Exercise details — All lines at and after the one containing "Gaya Taeyeon SNSD", up to the end of the listing below, are to be printed exactly, with the pictures omitted.

┄┄┄┄┄┄┄┄┄┄┄┄┄┄┄┄┄┄┄┄

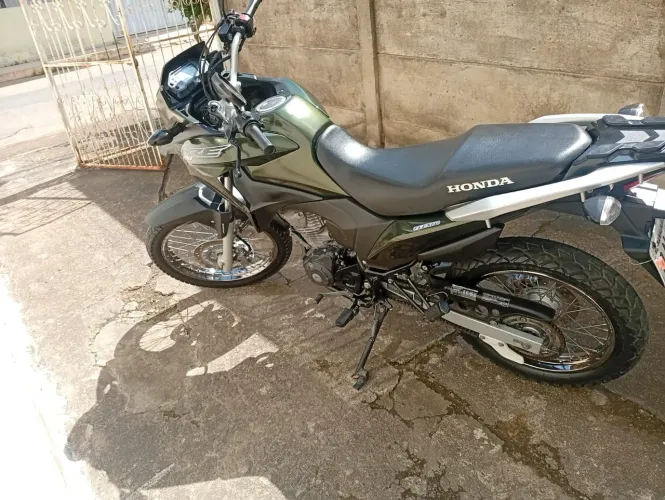 Vendo XRE 190 conservada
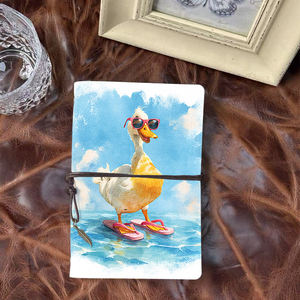 Cahier A6 de style vintage avec fermeture à cravate 160 pages Cadeau de notes de réunion idéal pour les partenaires franchisés avec canard portant <span class=keywords><strong>Sungl</strong></span> - Product Image 1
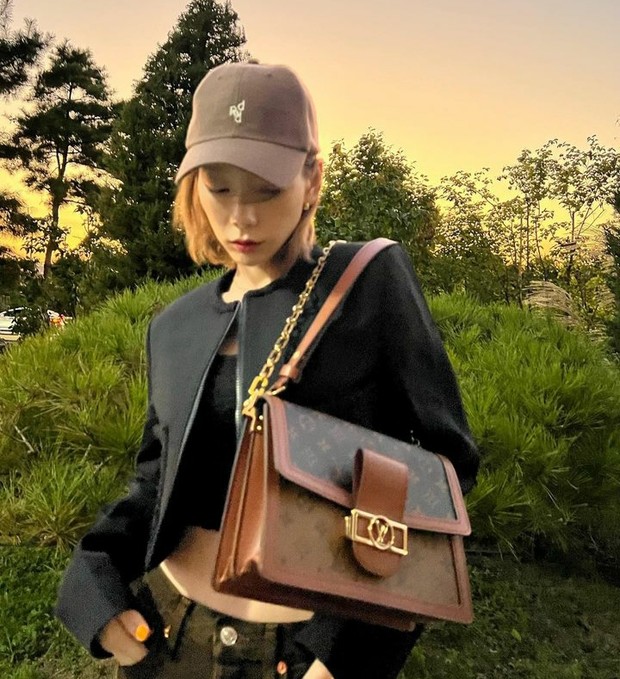 Gaya Taeyeon SNSD Memakai Beberapa Koleksi Tas Mewah dari Louis Vuitton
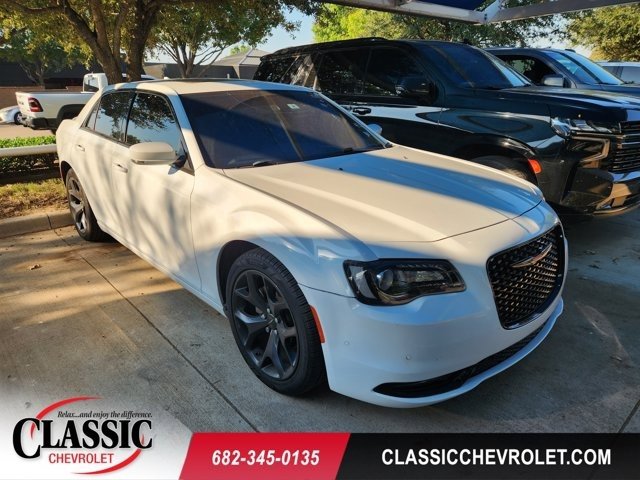 Used 2023 Chrysler 300 S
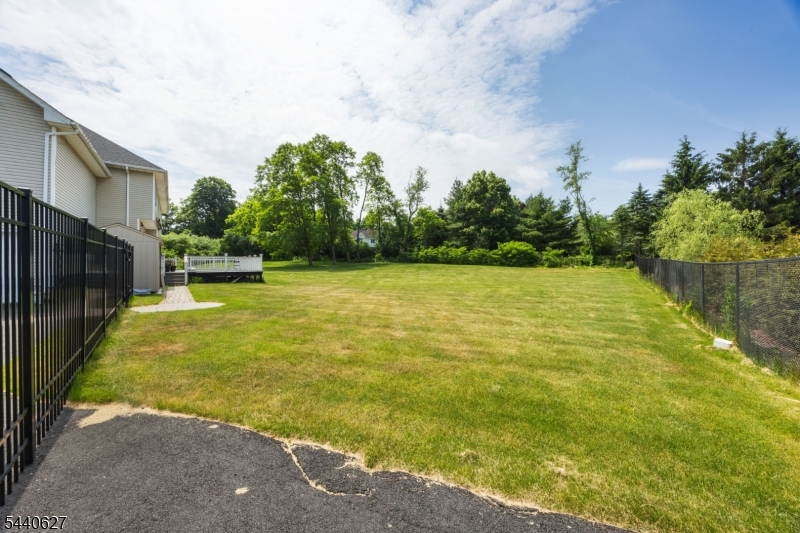 72 Doby Road Randolph, NJ 07945 - Photo 32 of 38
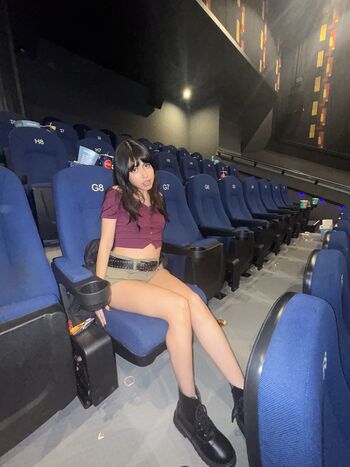 Full leaked Clo harrison page private photo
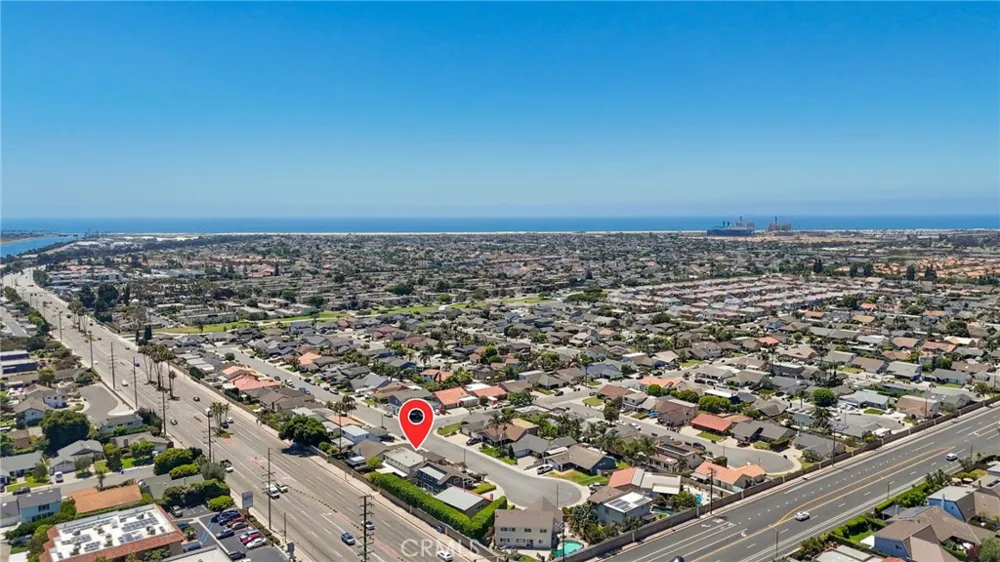 21052 Amberwick Lane Huntington Beach, CA 92646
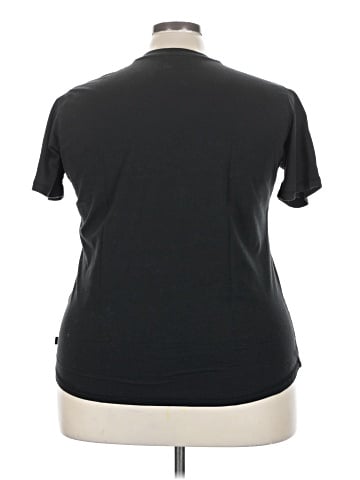Lincoln Outfitters Short Sleeve T-Shirt (view 2)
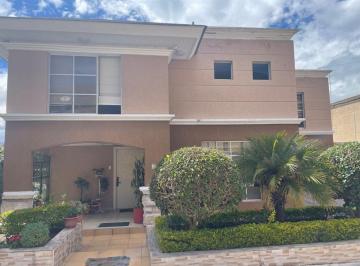 Casa de 3 habitaciones, Quito · Casa en Venta en San Antonio de Pichincha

┄┄┄┄┄┄┄┄┄┄┄┄┄┄┄┄┄┄┄┄

Result for this exercise —
 Gaya Taeyeon SNSD Memakai Beberapa Koleksi Tas Mewah dari Louis Vuitton
 Used 2023 Chrysler 300 S
 72 Doby Road Randolph, NJ 07945 - Photo 32 of 38
 Full leaked Clo harrison page private photo
 21052 Amberwick Lane Huntington Beach, CA 92646
Lincoln Outfitters Short Sleeve T-Shirt (view 2)
 Casa de 3 habitaciones, Quito · Casa en Venta en San Antonio de Pichincha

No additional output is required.